SOURCE DATA
-.-.-

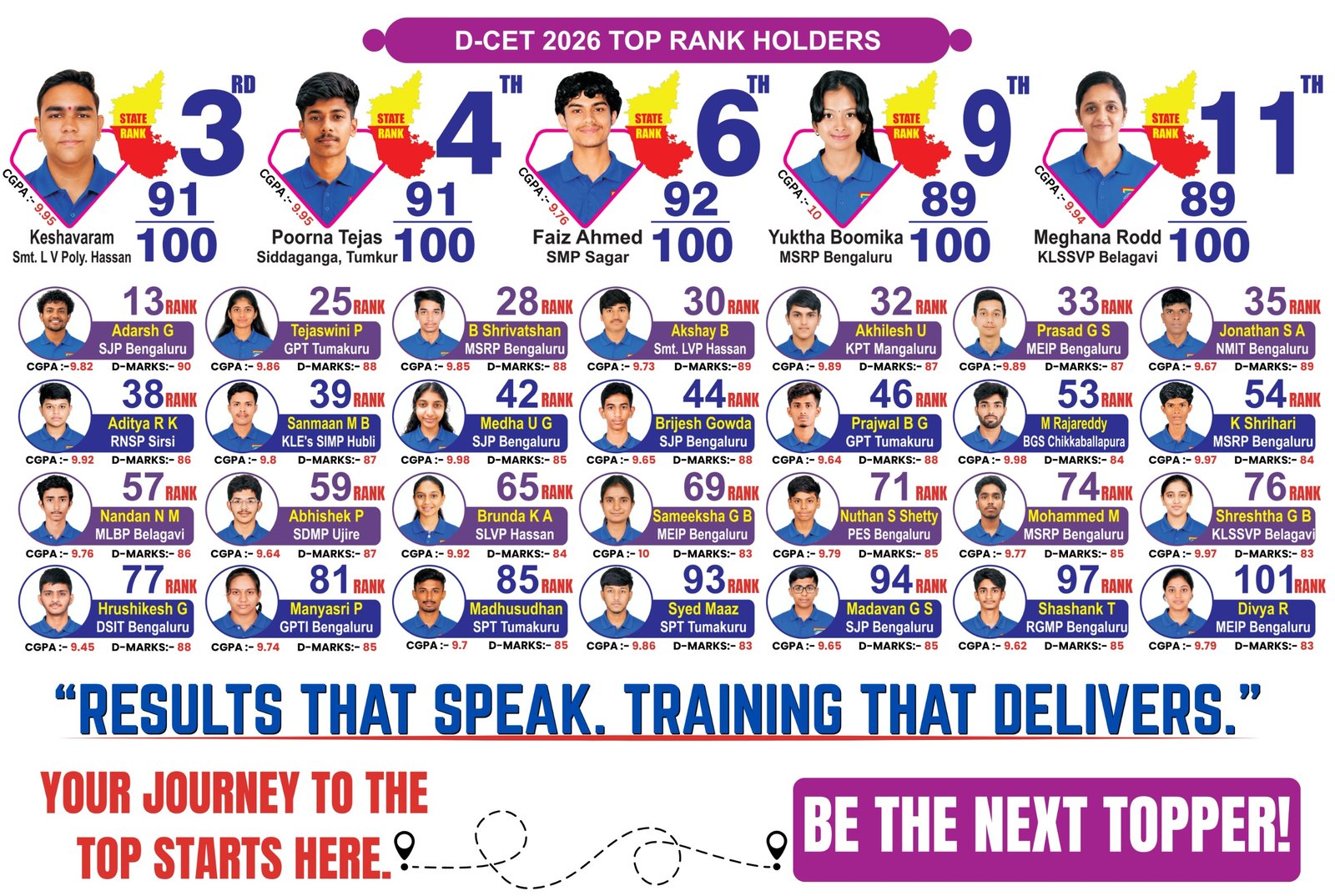 DCET 2026 Rankers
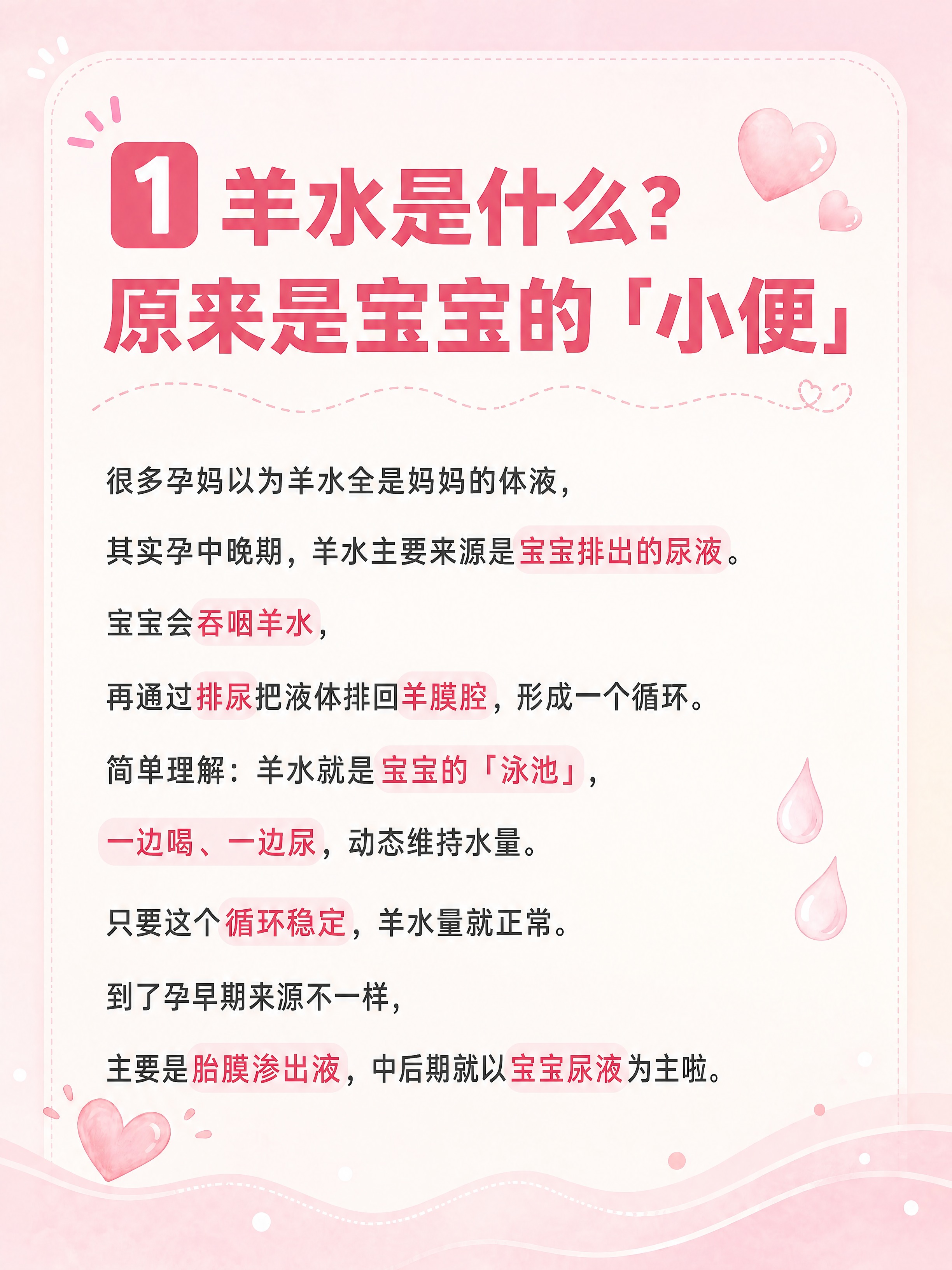 参考图中粉色系羊水科普详情图的版式风格，重新生成一张文字完全左… - 图片创意预览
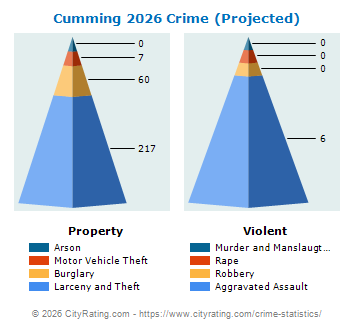 Cumming Crime 2026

-.-.-

TASK ITEM
Leave out the pictures. Transcribe the rest of the listing above exactly.

RESPONSE AREA
 DCET 2026 Rankers
 参考图中粉色系羊水科普详情图的版式风格，重新生成一张文字完全左… - 图片创意预览
 Cumming Crime 2026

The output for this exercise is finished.